Still from Tokyo Story (1953)
Must art in some way stir emotion? What are these feelings, and where do they reside?
After Aristotle attributed to tragedy the psychic disturbances of fear and pity, William Wordsworth proclaimed emotion as the source or prime mover of poetry. Writing was poetry, a work of art composed in words, only if the artist was overwhelmed by a “spontaneous overflow of powerful feeling” and then waited long enough to retrieve it coolly: “emotion recollected in tranquility” became—and still is—a kind of recipe for the making of artistic substance. Immanuel Kant had something harder and dryer in mind for his definition: art must be created in a spirit of “purposiveness without purpose.” That paradoxical nugget has also lingered. The notion that art could only be for art’s sake, a mandate for artistic freedom from morality, politics, faith, or any other constraint, has been its modern extension. Does art following such dicta include emotion?

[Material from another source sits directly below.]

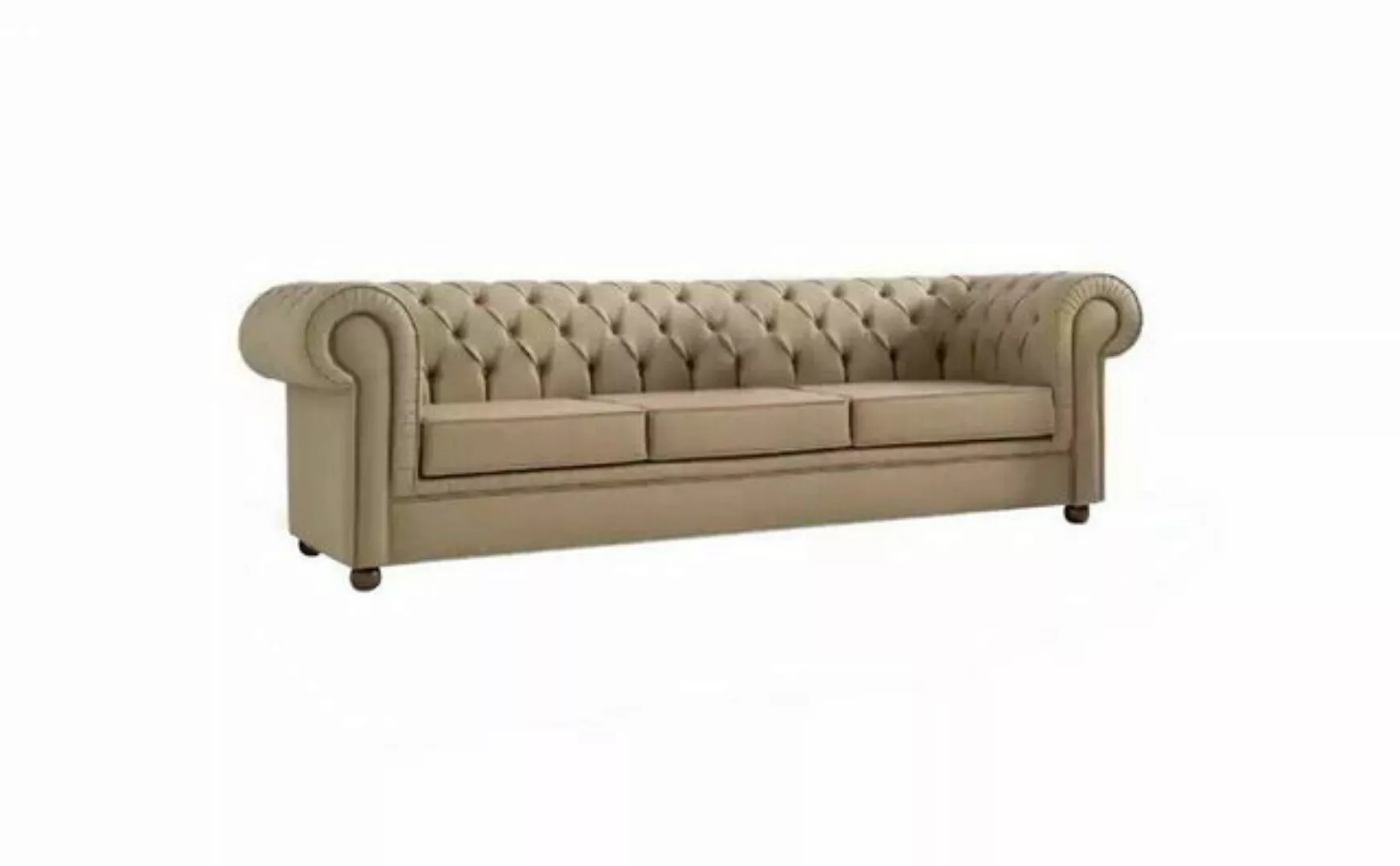 JVmoebel Chesterfield-Sofa Beiger Chesterfield Dreisitzer Büromöbel Sofa Po günstig online kaufen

These thoughts arose as I reflected on the work of Japanese filmmaker Yasujirō Ozu. His subjects are painful: callous treatment of old folks, sidelined widowers, empty marriages, ungrateful children, loss, death, loneliness. But even when the story is palpably sad, one sees the director inflecting his scenes, as a musical score is inflected, with emotive pressure and release. Does that pressure threaten to become a hindrance, whose urgency, rise and fall, must be seized and controlled, especially if it comes in the form of an “overflow”? It led me to wonder just how Ozu is able to mine, in the slag of a melodrama, the gold of art.
The signature quality that comes to mind is the films’ exquisite balance or equipoise. Equipoise seems a guiding principle in the films’ very sequences, their odd camera angles, scenes shot from the floor, Ozu’s curatorial eye on every element in the frame: not just the kotatsu table, stage center, with its tea or sake cups, but also the window beyond, the items hanging on the walls, the placement of a flowering plant, an ancestral shrine, the arrangement of actors and their dress (kimono, or suit and skirt)—all of this deliberate figuration contributes to an equipoise of the whole.
In Tokyo Story, Ozu’s masterpiece (named best film of all time by Sight & Sound), there is a prominent utensil that looks like a laboratory tool, or a mobile. The film’s beloved, pudgy wife, mother, and grandmother lies dying on her futon, surrounded by grieving family. Propped behind her head is a device (metal upright and crossbeam) holding in suspension a silvery pouch of crushed ice, there to cool Okasan’s fevered brow, weightless on her forehead. It’s a very crude kind of mobile, likely an accidental placement, or, perhaps, a deliberate and witty homage.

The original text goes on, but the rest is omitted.